Since the realtime class only uses a fraction of the total bandwidth, gamerate provides a more accurate representation.

Implement RED's documented burst formula:

burst = (min + min + max) / (3 * avpkt)

This formula is taken directly from RED documentation.
It works reliably across all tested bandwidth ranges (1,000 to 1,000,000 kbit/s).

These changes should lead to a RED configuration that avoids warnings or errors.

Testing showed consistent behavior across different bandwidth scenarios:

Low bandwidth (1,000 kbit/s): burst = 3
Medium bandwidth (90,000 kbit/s): burst = 96
High bandwidth (1,000,000 kbit/s): burst = 1,044

Here is the code:

# Calculate REDMIN and REDMAX based on gamerate and MAXDEL
REDMIN=$((gamerate * MAXDEL / 3 / 8))
REDMAX=$((gamerate * MAXDEL / 8))

# Calculate BURST: (min + min + max)/(3 * avpkt) as per RED documentation
BURST=$(( (REDMIN + REDMIN + REDMAX) / (3 * 500) ))

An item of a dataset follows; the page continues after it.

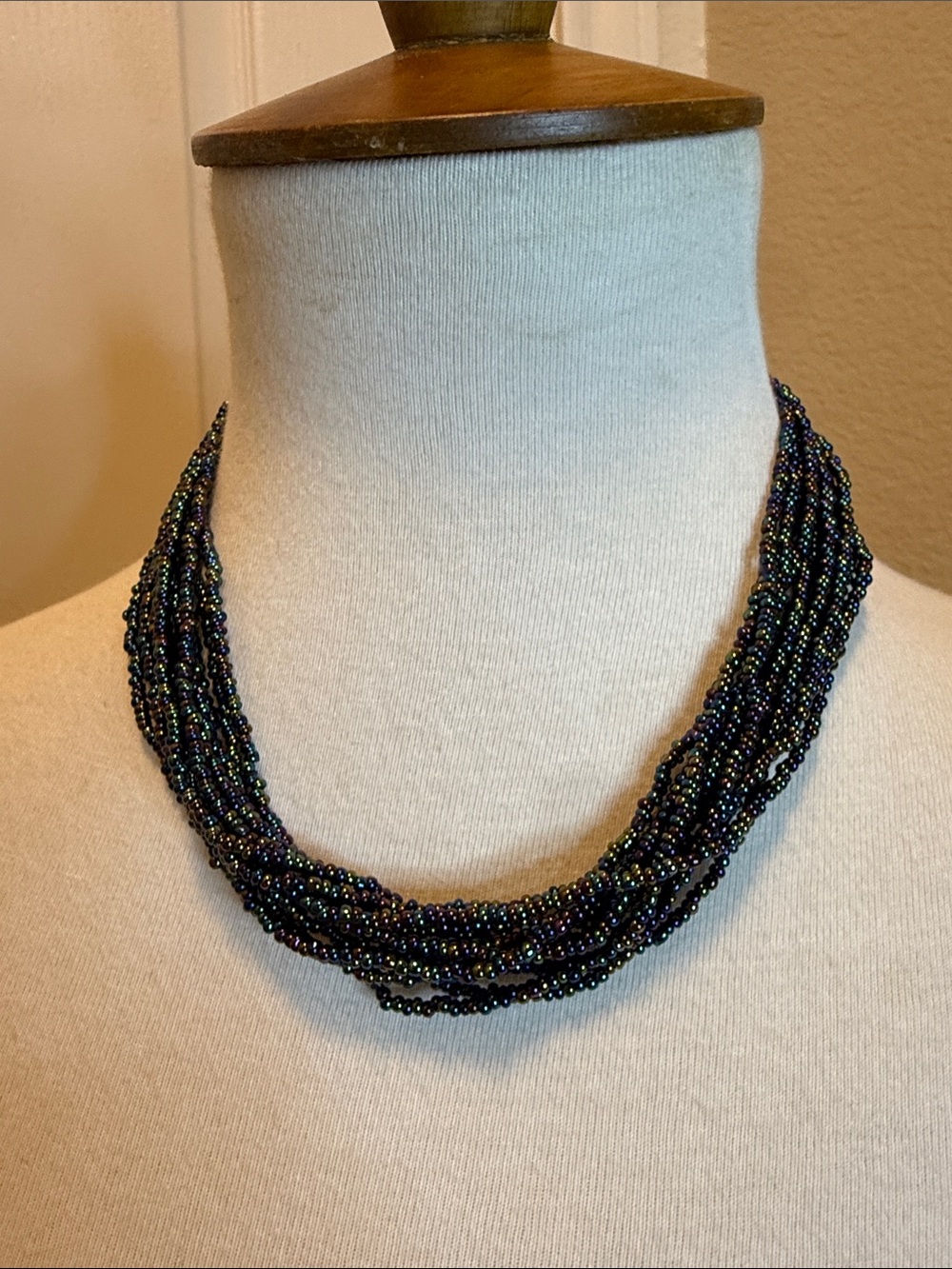 Vintage Multi-Strand Iridescent Beaded Necklace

# Ensure BURST is at least 2 packets
if [ $BURST -lt 2 ]; then
    BURST=2
fi

    "red")
	tc qdisc add dev "$DEV" parent 1:11 handle 10: red limit 150000 min $REDMIN max $REDMAX avpkt 500 bandwidth ${RATE}kbit burst $BURST probability 1.0
	## send game packets to 10:, they're all treated the same

@choppyc Could you run another test?

Hudra · November 29, 2024, 7:00pm

Hmm, that's really strange. I've run some tests, and the bandwidth is being properly limited on my end. Have you been experiencing this issue for a while, or did it just start recently? Or are you testing something specific?

brada4 · November 29, 2024, 7:24pm

I tried to imitate your fritzbox first with c7 (same soc gige) now with this c50v4 100mbps.
I halved bw - bad
halved again - wonderful, but total rates way off.

I install default 23.05.5 image clearing config, then qosmate using copy boxes in git. No creativity.

Up is 1000/500 then tuf4200 doing very sophisticated qos prioritising <500B packets in pfifo_fast , 2ms+5ms in waveform (5+20 with fq_codel) which makes me wonder what it really measures.

Once looked like poor box is controlling something i changed all posdible qdiscs to oversized bfifo to check if we are really in control of bufferbloat. Nice we are.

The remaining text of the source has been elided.